Questa mattina attivisti di Greenpeace hanno creato davanti l’ingresso del ministero dell’Ambiente un centro di raccolta di rifiuti elettronici che riproduce lo stato dell’ottanta per cento dei siti italiani che, secondo l’inchiesta dell’Associazione, non rispetta tutti i requisiti di legge. Computer distrutti, accatastati a terra, stampanti, monitor che rilasciano le sostanze pericolose nel terreno, zone incendiate o razziate da sciacalli che cercano di ricavarne rame o argento. Al centro di questo scenario desolante un’attivista vestita da bella addormentata simboleggia la ministra Prestigiacomo che, nonostante denunce e sollecitazioni, finge di non vedere e rimane inerte.

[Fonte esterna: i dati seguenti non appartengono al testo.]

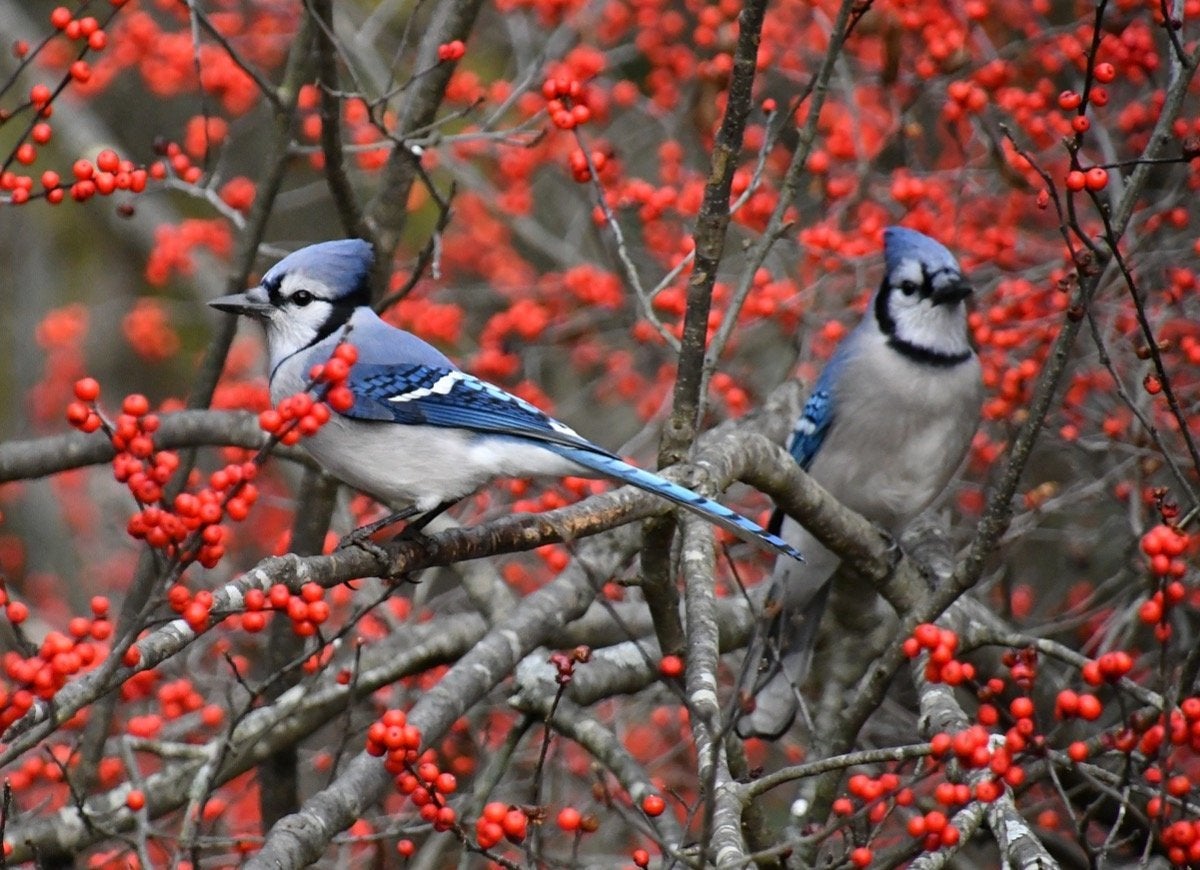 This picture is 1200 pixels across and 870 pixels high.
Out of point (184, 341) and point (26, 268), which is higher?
point (26, 268)

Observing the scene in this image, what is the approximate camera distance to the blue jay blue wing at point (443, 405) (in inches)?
138

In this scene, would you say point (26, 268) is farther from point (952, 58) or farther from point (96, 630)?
point (96, 630)

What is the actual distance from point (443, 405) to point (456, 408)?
3 centimetres

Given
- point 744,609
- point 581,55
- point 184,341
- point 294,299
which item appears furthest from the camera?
point 184,341

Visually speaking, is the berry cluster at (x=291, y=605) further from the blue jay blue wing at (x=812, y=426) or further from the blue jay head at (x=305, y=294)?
the blue jay blue wing at (x=812, y=426)

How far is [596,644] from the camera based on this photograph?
4.78 metres

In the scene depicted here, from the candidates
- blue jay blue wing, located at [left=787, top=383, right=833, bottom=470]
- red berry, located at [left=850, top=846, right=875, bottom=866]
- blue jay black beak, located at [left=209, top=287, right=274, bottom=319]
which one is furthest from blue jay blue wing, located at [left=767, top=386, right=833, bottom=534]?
red berry, located at [left=850, top=846, right=875, bottom=866]

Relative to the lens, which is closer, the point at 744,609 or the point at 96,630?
the point at 96,630

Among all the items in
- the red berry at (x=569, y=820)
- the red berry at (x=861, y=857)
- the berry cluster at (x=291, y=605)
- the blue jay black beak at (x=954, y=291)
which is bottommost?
the red berry at (x=861, y=857)

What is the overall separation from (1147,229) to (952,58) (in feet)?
2.88

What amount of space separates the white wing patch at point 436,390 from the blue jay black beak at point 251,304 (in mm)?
468

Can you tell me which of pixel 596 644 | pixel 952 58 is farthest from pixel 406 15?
pixel 596 644

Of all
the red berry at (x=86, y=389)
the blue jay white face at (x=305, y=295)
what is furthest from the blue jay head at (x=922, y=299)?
the red berry at (x=86, y=389)

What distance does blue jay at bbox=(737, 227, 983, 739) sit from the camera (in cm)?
469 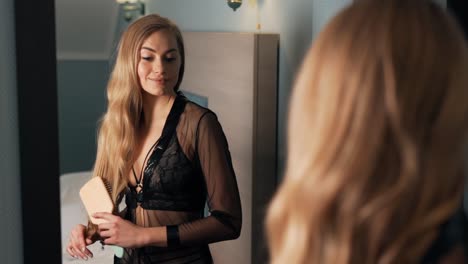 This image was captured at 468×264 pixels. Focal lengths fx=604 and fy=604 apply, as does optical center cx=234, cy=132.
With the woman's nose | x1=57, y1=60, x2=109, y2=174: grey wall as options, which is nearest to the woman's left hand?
the woman's nose

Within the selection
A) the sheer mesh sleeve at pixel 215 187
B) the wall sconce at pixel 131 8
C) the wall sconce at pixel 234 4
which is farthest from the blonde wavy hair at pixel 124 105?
the wall sconce at pixel 131 8

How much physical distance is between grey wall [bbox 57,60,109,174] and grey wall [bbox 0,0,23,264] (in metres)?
0.78

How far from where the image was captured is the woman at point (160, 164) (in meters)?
0.95

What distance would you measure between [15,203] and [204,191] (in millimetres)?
308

"Chiediamo al ministro dell’Ambiente di fare il proprio lavoro e provvedere subito ad attuare gli anelli mancanti del sistema di gestione dei rifiuti elettronici. – spiega Vittoria Polidori, responsabile della campagna inquinamento di Greenpeace – è da febbraio che sollecitiamo il ministro a emanare il decreto che impone ai negozianti di ritirare gratuitamente un prodotto vecchio in caso di acquisto di un nuovo articolo di consumo. Ma ancora siamo in attesa nonostante questo provvedimento fosse previsto nel febbraio 2008!"

L’inchiesta "Hi-Tox! Un’indagine sulla raccolta dei rifiuti elettronici" di Greenpeace denuncia le irregolarità riscontrate in questa fase di gestione dei rifiuti di apparecchiature elettriche ed elettroniche (o RAEE) in Italia. Oltre il 40 per cento dei centri di raccolta visitati da Greenpeace non rispetta assolutamente i requisiti di legge. Un altro 40 per cento circa ha avuto una valutazione mediocre. Solo il 20 per cento ha ottenuto un giudizio positivo e fra questi tre centri su otto schedati in Lombardia, tre aree di raccolta su sei della Toscana, due su cinque in Sardegna, uno su dodici in Sicilia e un CdR su otto in Campania.